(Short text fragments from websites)
────────────────────────────────────────
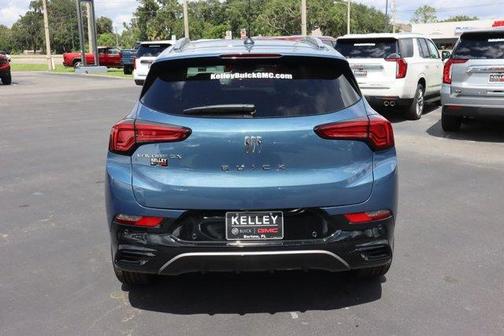 2025 Buick Encore GX Sport Touring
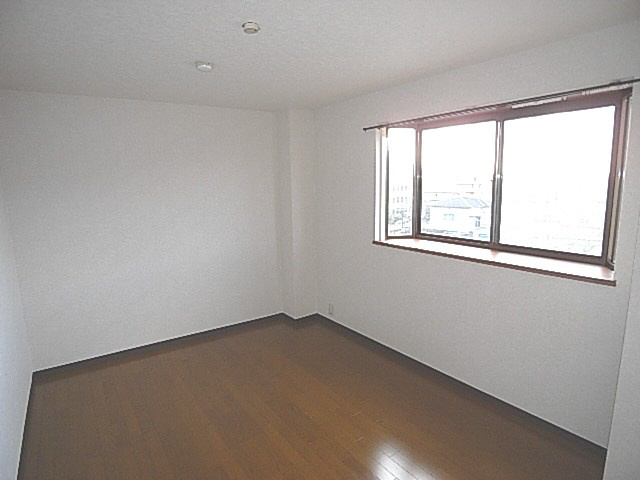 ラフォール寝屋川Bの洋室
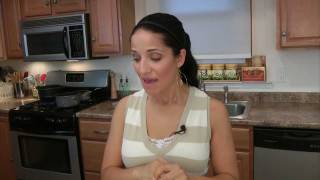 Bechamel Sauce Recipe  by Laura Vitale  Laura in the Kitchen Episode 143 [upl. by Olly]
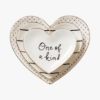 Picture of New 3-Piece Heart Catch-All Trays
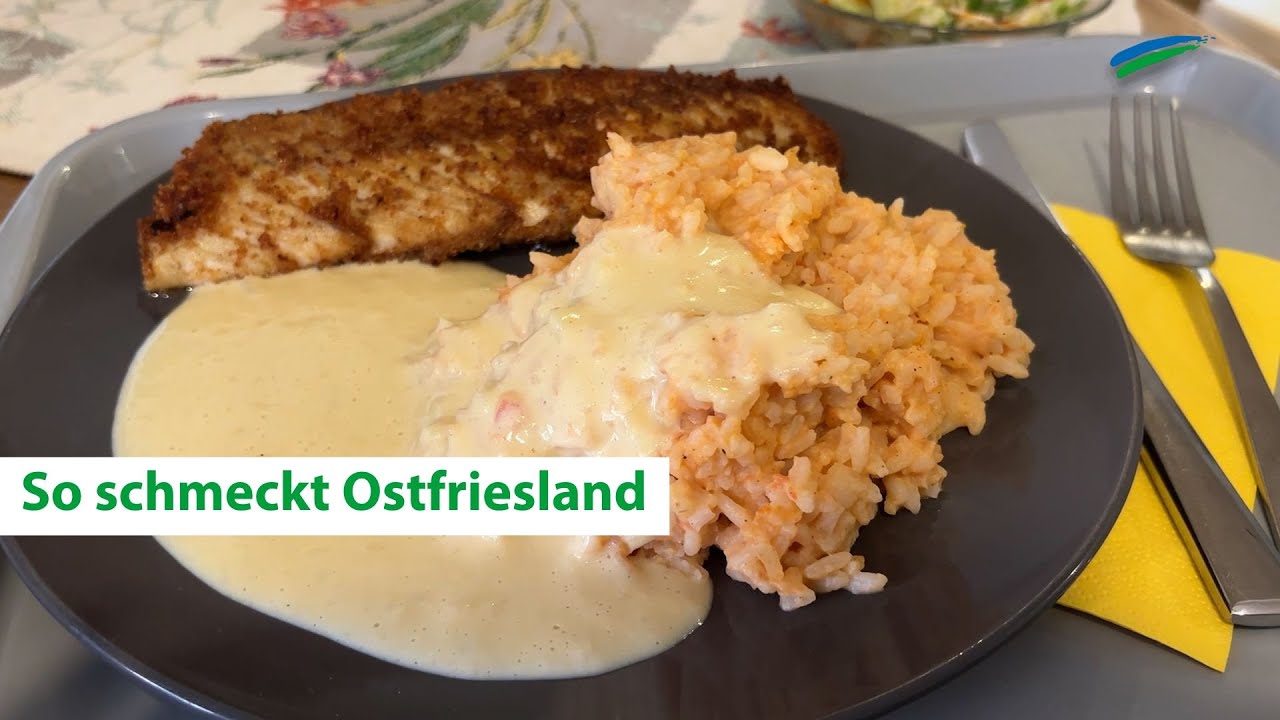 Mein Genussreich in Leer | So schmeckt Ostfriesland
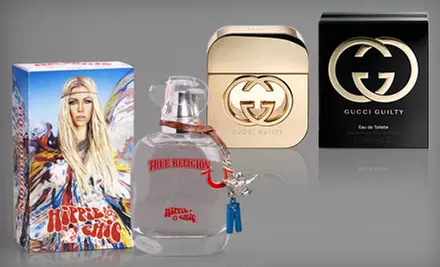 $15 for $30 Worth of Perfumes, Clothing, and Accessories at Fragrances Unlimited in Conway - Primary Image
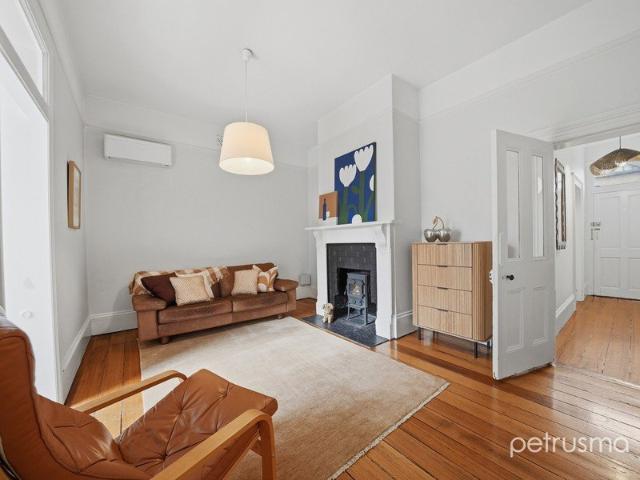 House for sale in Hobart, Tasmania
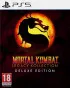 PS5 Mortal Kombat: Legacy Kollection - Deluxe Edition 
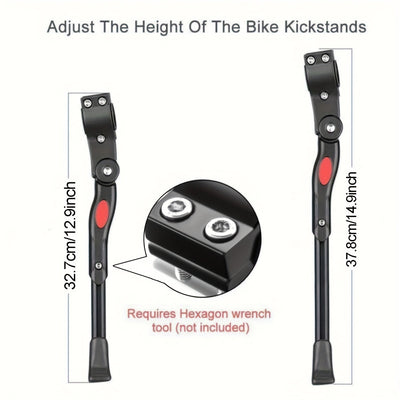 Adjustable Bike Stand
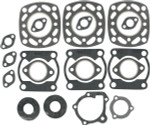 Vertex Complete Engine Gasket Set w/Seals (711109A)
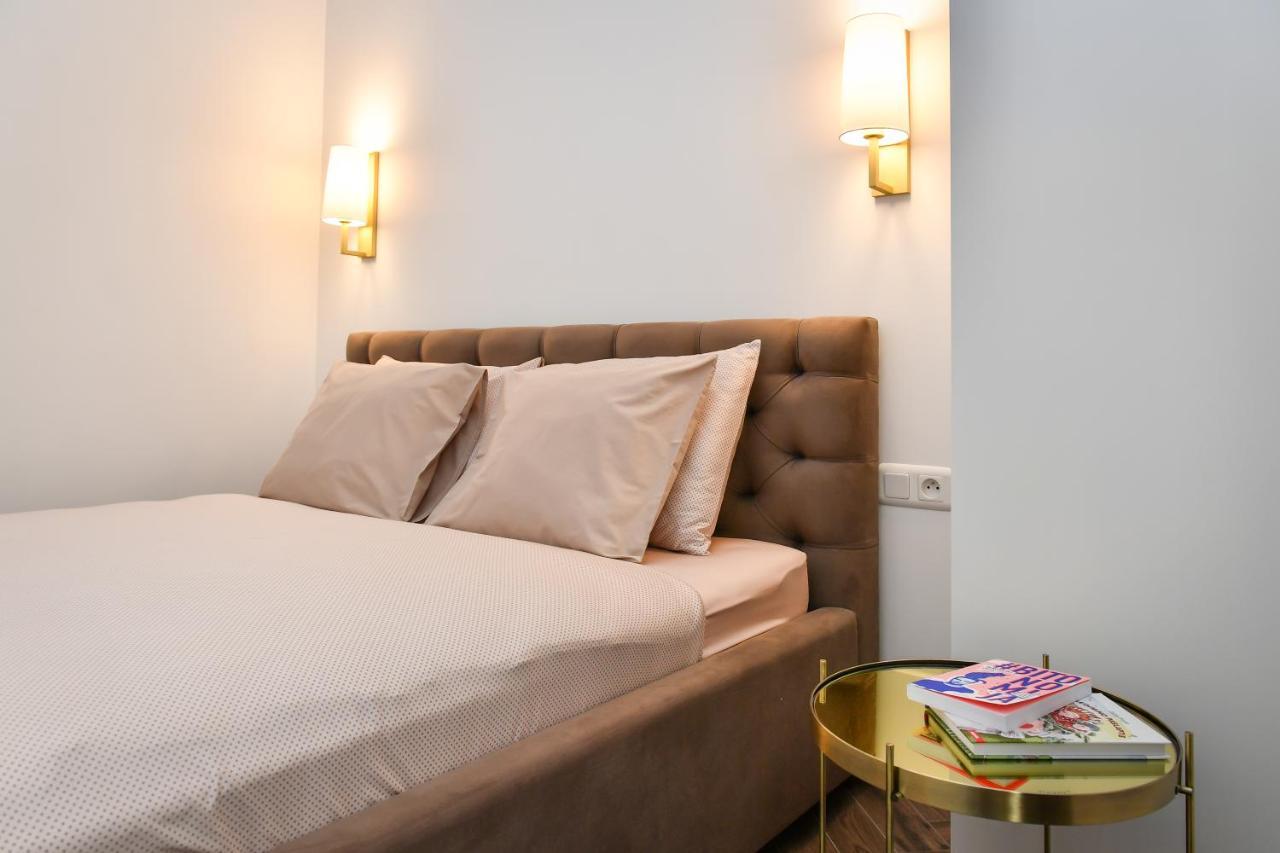 1 Bedroom Apartment Next To Monaco Beausoleil Zewnętrze zdjęcie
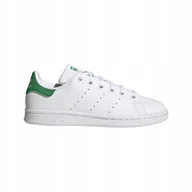 Buty sportowe damskie - Buty Adidas Stan Smith FX7519 - miniaturka - grafika 1
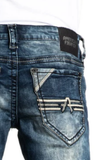 American Fighter  "Striker" Sz 38x33 (Relaxed Straight)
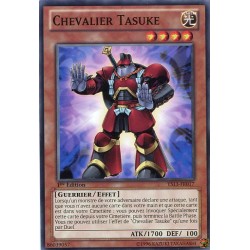 Chevalier Tasuke (C) [YS13]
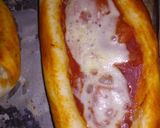 Foto del paso 4 de la receta: Pizzas mini pizzas y canastitas de pizza 😅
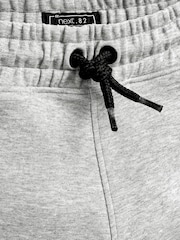 Gris - Pantalones de chándal ajustados (3-17 año) - Imagen 3 de 3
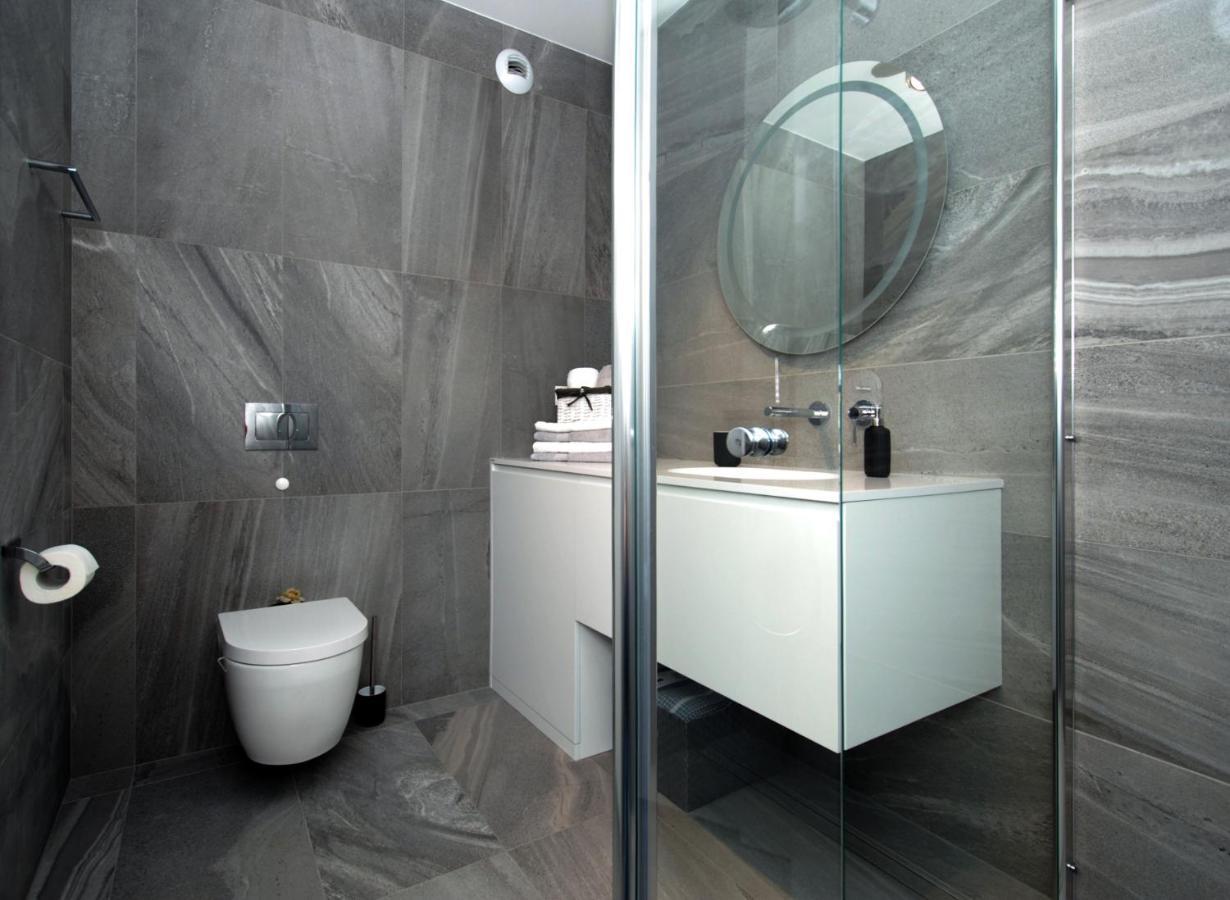 Apartamenty Rezulak Nadmorskie Tarasy A402 C210 Kołobrzeg Extérieur photo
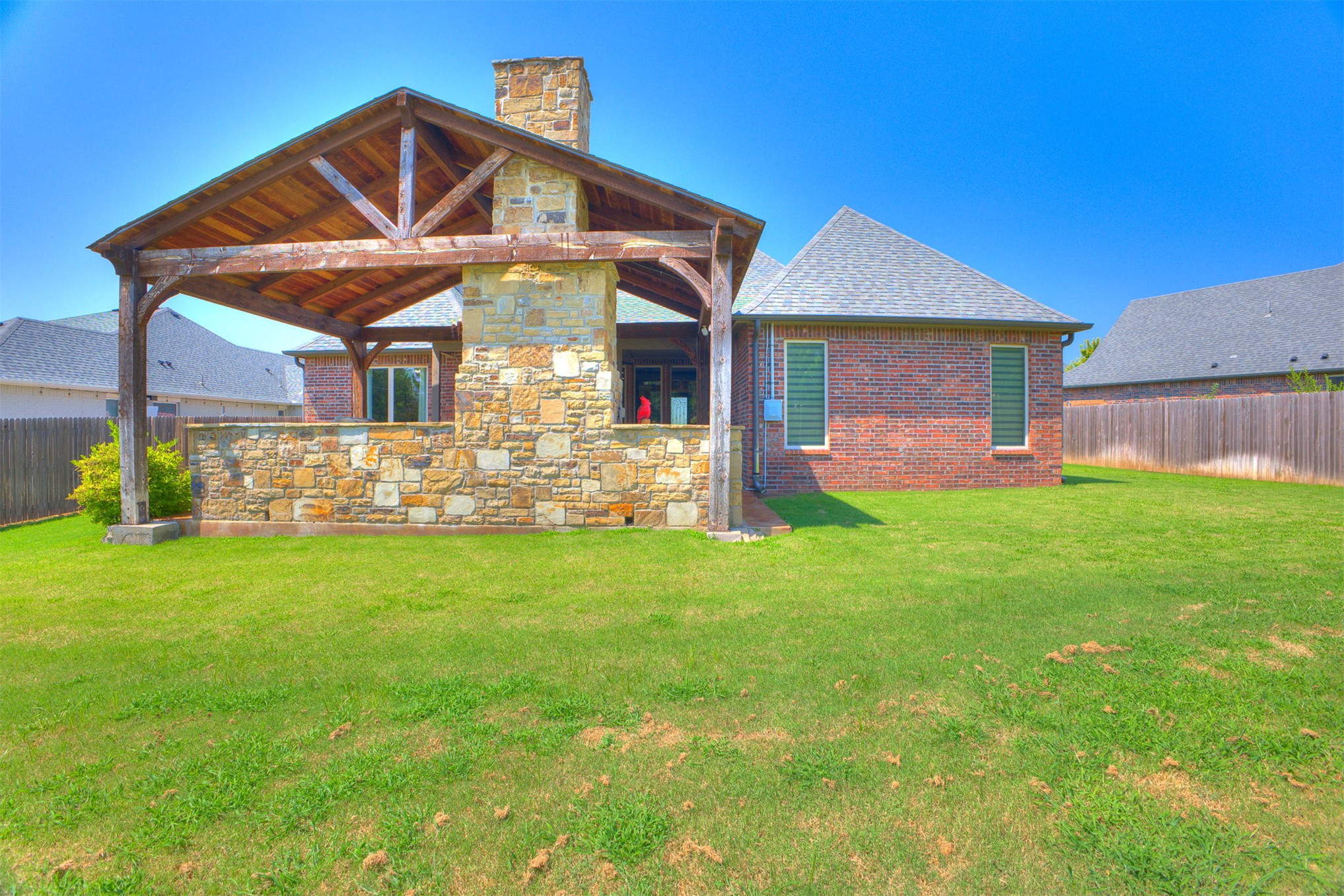 516 E 130th Place S Property Photo 40
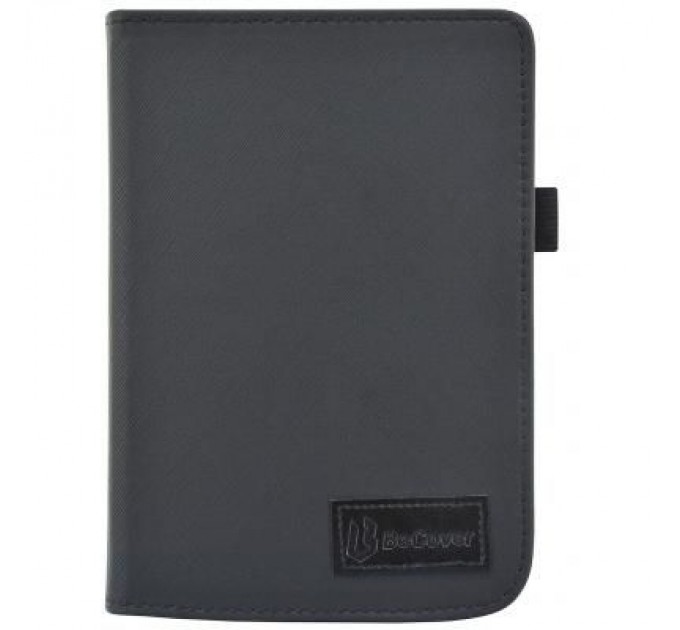 BeCover Чохол до електронної книги BeCover Slimbook PocketBook 606 Basic Lux 2 2020 Black (705185)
────────────────────────────────────────
» Required action:
Skip every picture, and restate word for word only the lines above from the line containing "38x33 (Relaxed Straight)" to the line containing "Gris - Pantalones", both of them included.

» Output for this task:
 American Fighter  "Striker" Sz 38x33 (Relaxed Straight)
 Chevalier Tasuke (C) [YS13]
 Foto del paso 4 de la receta: Pizzas mini pizzas y canastitas de pizza 😅
 Gris - Pantalones de chándal ajustados (3-17 año) - Imagen 3 de 3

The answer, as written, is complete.